What is needed is a faithful transcription of all the data below, pictures excluded.

Data provided:
◇ ◇ ◇ ◇ ◇ ◇ ◇

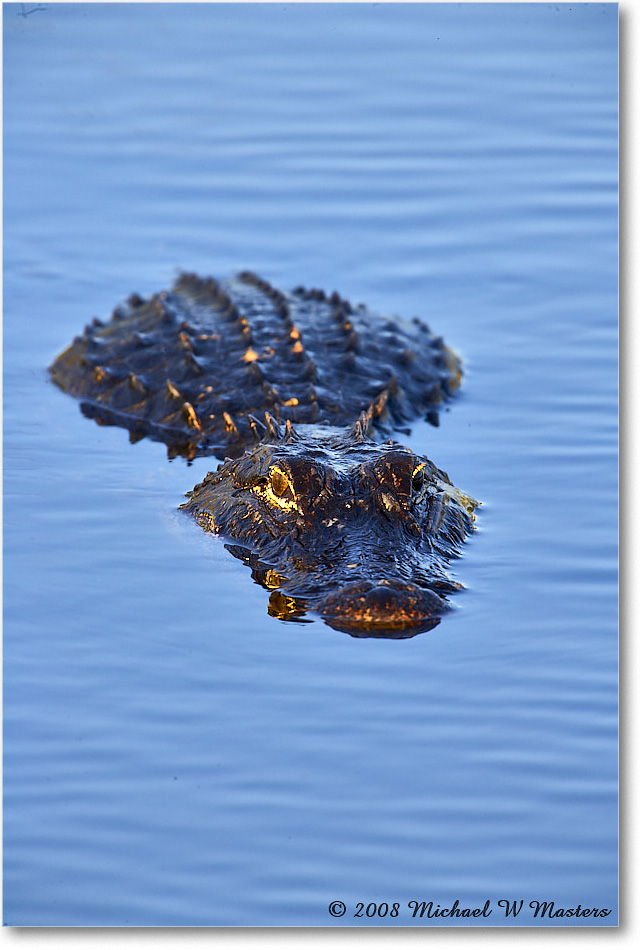 Alligator_AnhingaTrail_2008Jan_E0K8620 copy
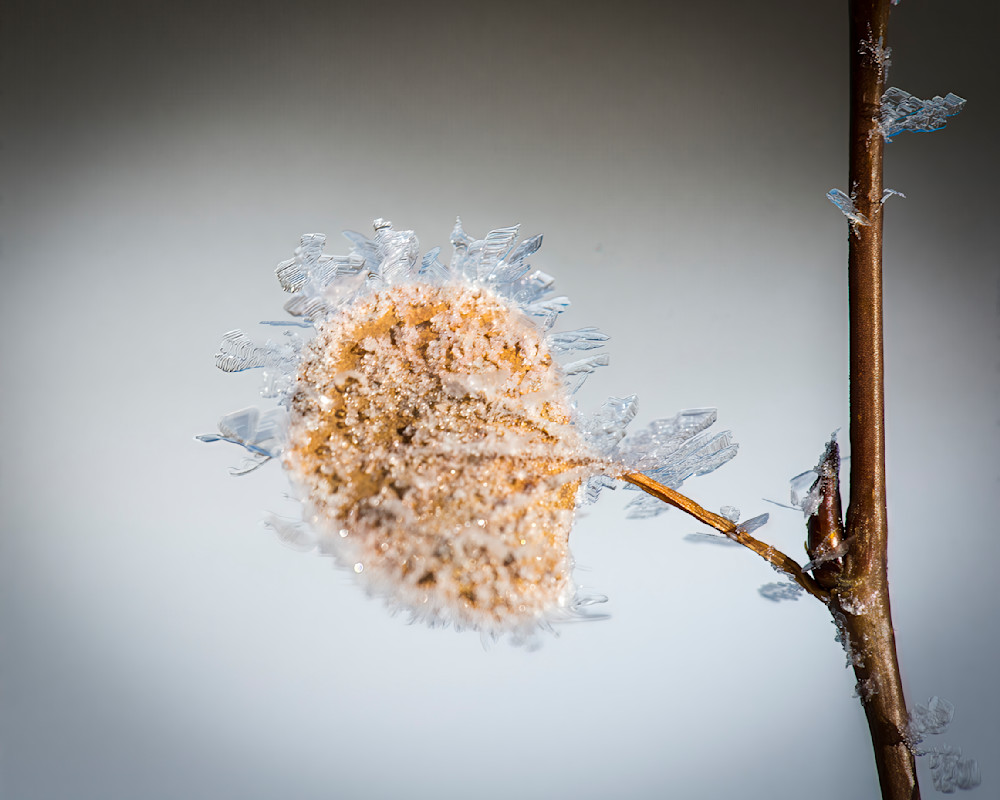 Frosted Aspen Leaf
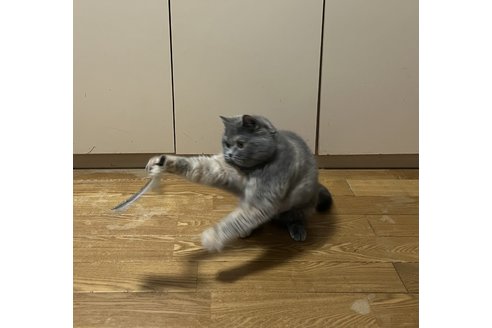 写真5261_1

◇ ◇ ◇ ◇ ◇ ◇ ◇

Output for this exercise:
 Alligator_AnhingaTrail_2008Jan_E0K8620 copy
 Frosted Aspen Leaf
 写真5261_1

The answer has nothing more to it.